Kamyanets-Podilsky held an investment projects fair and an international seminar on industrial parks
Not questioning tourism as the city's brand industry, Kamyanets-Podilsky, Khmelnytsky Oblast, endeavors to build up on its tourism development successes by enhancing inflow of investments in other sectors.

Kamyanets-Podilsky Mayor Oleksandr Mazurchak opened the seminar and presented a project of Kamyanets-Podilsky Investment Industrial Park

Kamyanets-Podilsky Deputy Mayor for Economy Volodymyr Kazachuk: "The main priority of Kamyanets-Podilsky is a rational combination of tourism and industrial development"

USAID LED Project Chief of Party Howard Ockman: "Any park that is placed in a city’s territory must have investments that look to the future (a diversified set of investors) and will not become either obsolete or overwhelmed by globalized competition favoring other countries"

USAID LED Project FDI Advisor Petro Koshukov: "Projects on new industrial park development and old industrial site redevelopment are different in principle"

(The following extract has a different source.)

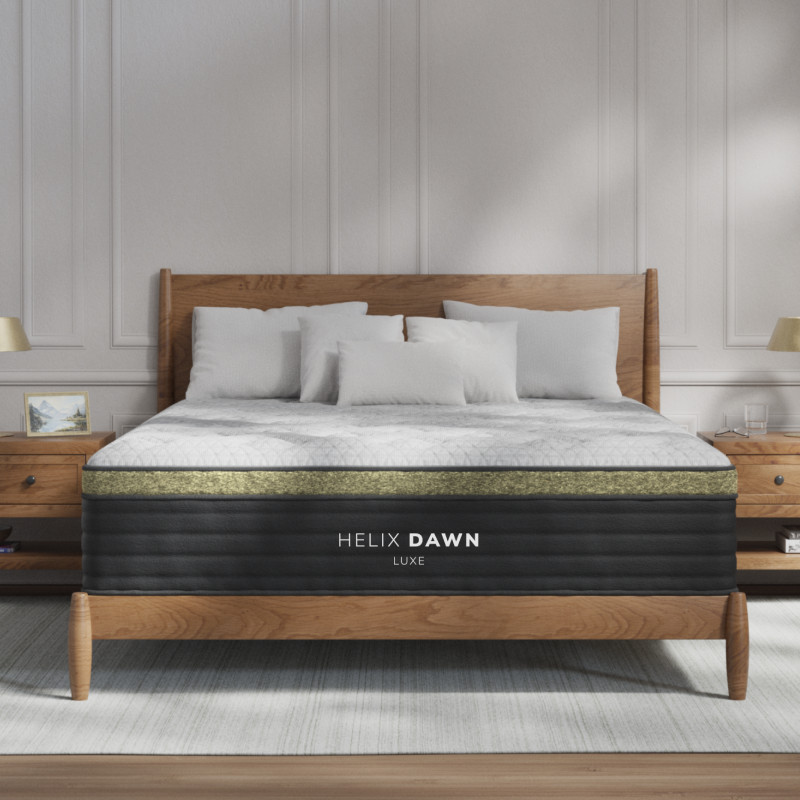 Helix Dawn Luxe mattress on wooden bed frame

Part of the seminar was a two-hour teleconference with the Basque Economic Development Agency in Spain
On Oct. 4, 2007, the city held the Fourth Fair of Investment Projects and an international seminar on "Investment Industrial Parks as a Form of Investment Attraction in Regional Economy." The goal of the fair and the seminar was to adopt best practices existing in other cities and promote own industrial zone, as Kamyanets-Podilsky Deputy Mayor for Economy Volodymyr Kazachuk reported to LED Monitor earlier.
Opening the event, Kamyanets-Podilsky Mayor Oleksandr Mazurchak emphasized importance of systemic work toward investment attraction and presented a project of Kamyanets-Podilsky Investment Industrial Park. The Mayor took an incremental approach to wooing investors to the industrial park, so that in the end, the park will have good strategic investors that have different and increasing levels of economic sophistication, ecological purity, and capacity to operate in future technological markets.
According to Mr. Kazachuk, the project was developed by the Economic Development and Investment Activities Office within the Kamyanets-Podilsky Economy Department. "Kamyanets-Podilsky – the Flower on the Rock – is Ukraine's tourist’s Mecca with a huge potential for further tourism industry development. But this is a city of 100,000 population, and therefore development of the real economy sector here is expedient," he explained.
The USAID LED project's contribution to the event was three speakers, namely Chief of Party Howard Ockman, FDI Advisor Petro Koshukov, and Legal Advisor Volodymyr Nosik.
Mr. Ockman called industrial parks and technoparks "complicated business projects" and recommended leaving their development to the private sector.
He pointed out that such a park "should complement the work force of the city, and should suit the character of the city. It should take advantage of a city’s assets, such as research institutes or universities, and it should be designed in a way that looks to the future economic health and growth of the community."
"One of the most important things a city should guard against is an industrial park that will become obsolete in the next decade. That means that the city cannot allow an industrial park to be filled exclusively with factories and businesses that are part of an older industry, which may be replaced in the foreseeable future, or may succumb to more efficient competition from other countries, such as China or Southeast Asia," Mr. Ockman warned.
The presentation made by Mr. Koshukov was titled "Planning the Development and Creation of Industrial Zones: Central and Eastern European Experience." The presentation highlighted the importance of property preparation for investor, and illustrated a procedure for a city's systemic work on site development.
Mr. Koshukov also commented on the investment industrial park concept used by Kamyanets-Podilsky, stressing the complexity of solving problems of old industrial zones inherited from the Soviet economy, and the difference in principle between approaches to new industrial park development and old industrial site redevelopment projects.
Mr. Nosik spoke on land-related legal aspects of industrial park development. In addition, he offered to provide expert advice on the legal regime of the land parcel and its individual parts intended for creation of the Kamyanets-Podilsky Investment Industrial Park.
On return to Kyiv Mr. Ockman told the LED Monitor: "The event demonstrated growing awareness of how industrial and technoparks can be used to attract strategic investments to a city; innovative thinking abounded, especially in the teleconference with the Basque local economic development entity that built successful technoparks in the Basque region of Spain."
In turn, Mr. Koshukov commended what he called a "high standard of the event from a technical point of view." He said "the city gave a successful example of public event organization, which aptly combined formats of promotion, training, and discussion."
In March 2006, the Kamyanets-Podilsky adopted the Economic Development Strategic Plan devised with assistance from the USAID LED project. One of the Strategic Plan's three action plans, Investment Attraction, inter alia provides for regular investment fairs and forums to be held in the city.